** About this exercise **
The answer must be a single number: how many lines in this listing hold the word "Refurbished".

** Supplied material **
-- Opening Marker --
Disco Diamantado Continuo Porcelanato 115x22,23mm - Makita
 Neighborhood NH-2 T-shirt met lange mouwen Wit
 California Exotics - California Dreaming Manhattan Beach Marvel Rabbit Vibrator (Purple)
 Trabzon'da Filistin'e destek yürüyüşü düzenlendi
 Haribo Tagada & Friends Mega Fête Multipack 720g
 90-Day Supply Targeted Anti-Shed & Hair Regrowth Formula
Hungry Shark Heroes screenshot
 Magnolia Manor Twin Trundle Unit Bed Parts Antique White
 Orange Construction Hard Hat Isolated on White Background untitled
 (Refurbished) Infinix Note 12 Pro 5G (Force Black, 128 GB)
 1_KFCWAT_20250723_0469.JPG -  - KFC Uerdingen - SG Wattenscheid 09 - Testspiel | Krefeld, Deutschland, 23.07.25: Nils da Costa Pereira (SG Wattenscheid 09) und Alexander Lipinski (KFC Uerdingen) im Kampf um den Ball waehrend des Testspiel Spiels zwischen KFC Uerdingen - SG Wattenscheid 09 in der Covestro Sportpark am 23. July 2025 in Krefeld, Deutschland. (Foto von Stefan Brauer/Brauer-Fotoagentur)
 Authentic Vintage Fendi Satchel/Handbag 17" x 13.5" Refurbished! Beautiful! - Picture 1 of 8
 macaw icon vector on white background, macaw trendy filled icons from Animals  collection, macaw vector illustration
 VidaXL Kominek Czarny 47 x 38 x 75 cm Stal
-- Closing Marker --
** Solution for this exercise **
2